One Prompt, Many Rooms: A Force-Directed Approach to 3D Scene Generation for Robotics Simulation
Christopher May, Peter Hetzner, Matthias Kalenberg, Ashwin Sajith Nambiar, Jörg Franke, Sebastian Reitelshöfer
AI summary
Problem
Current text-to-scene methods are inefficient for robotics because generating diverse layouts requires repeated, expensive sampling that breaks semantic consistency, hindering the creation of large-scale, physically consistent training datasets for generalizable robotic agents.
Approach
An LLM generates a single declarative scene plan, which a force-directed 2D physics simulation translates into multiple distinct, physically plausible layouts that share identical semantics but vary in geometry.
Key results
- A one-plan-to-many-layouts pipeline generating diverse 3D scenes from a single prompt
- A force-directed placement technique translating semantic rules into forces and torques via 2D physics simulation
- A scalable validation loop combining deterministic physical checks with VLM-based semantic assessment
- A navigation agent trained on generated scenes achieving a 0.84 success rate on Replica environments
Why it matters
It provides a scalable, efficient method for generating controlled, diverse simulation data, addressing a critical bottleneck for training generalizable embodied AI and robotic agents.
Abstract
Training generalizable robotic agents requires large datasets of diverse, physically consistent 3D scenes, yet their generation remains a critical bottleneck.

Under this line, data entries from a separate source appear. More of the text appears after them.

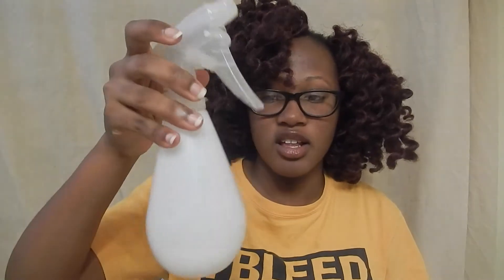Now we're going to do a leave-in conditioner. In this bottle I have a little bit of water and some Kinky Curly Knot Today — you can use any leave-in you'd like, but that's what I had. You want to mix it with water rather than applying it straight, because applying pure leave-in conditioner will leave a buildup mark. Just spray the mixture on your scalp and rub it in, going through all the parts just like we did with the apple cider vinegar and water.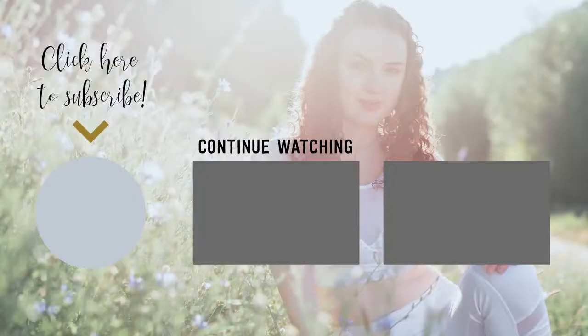Thank you for practicing with me. I hope you enjoyed this class. Please remember to subscribe to my channel, like this video and share it with a friend. May your life be filled with joy and light. Namaste.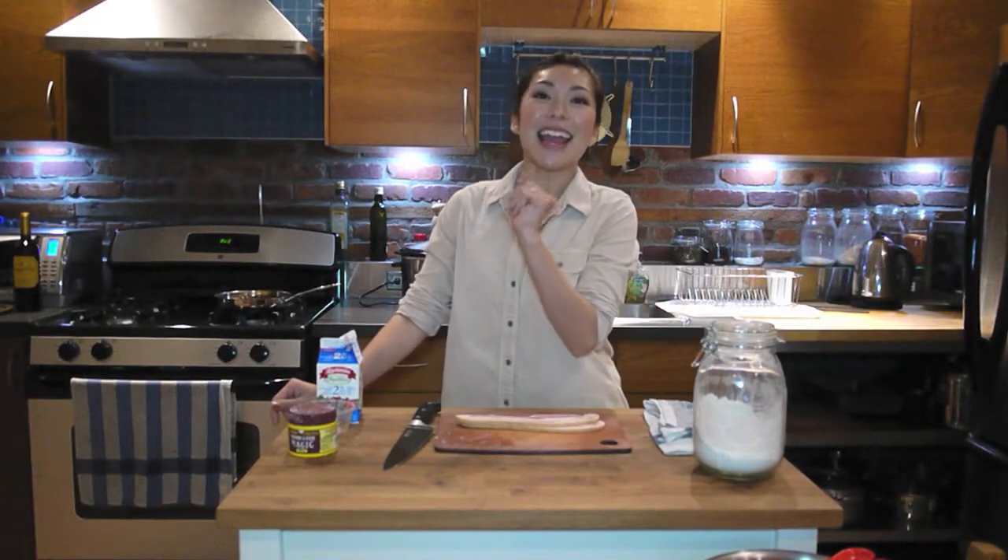I'm totally into it. Usually I make cornbread with chili, but today I thought I would switch it up a little bit, get it twisted a little bit, and make biscuits — cheddar bacon biscuits.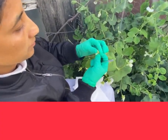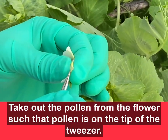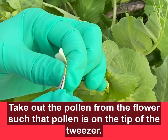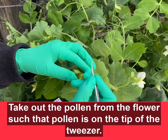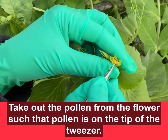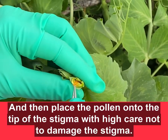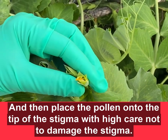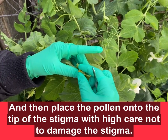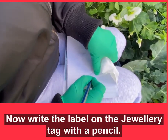Take the fresh flowers from the male plant and then take out the pollens with the help of tweezers. Take the pollens on the tip of the tweezers and then put it onto the tip of the stigma, and then give a slight wiggle so that the pollen gets well distributed on the female stigma.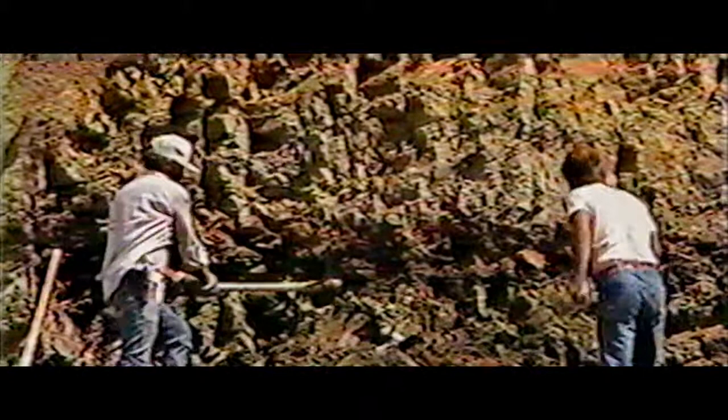Probably the hardest work I've ever had to do in my life. We were doing this all in temperatures around 115 degrees every day.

Current text-to- scene methods are inefficient for this task; generating diverse layouts requires repeated, expensive sampling that fails to maintain the semantic consistency required for robust policy learning. In this paper, we address this with our “one-plan-to- many-layouts” method. A Large Language Model (LLM) generates a single declarative plan, which a force-directed physics simulation then realizes into multiple layouts that share semantics but differ in geometry. We validate our method by transfer to photorealistic 3D reconstructions of real environments (Replica) within simulation, where a navigation agent trained on our scenes attains a Success Rate of 0.84. These results establish our pipeline as a scalable method for producing the controlled, diverse data required for embodied AI training.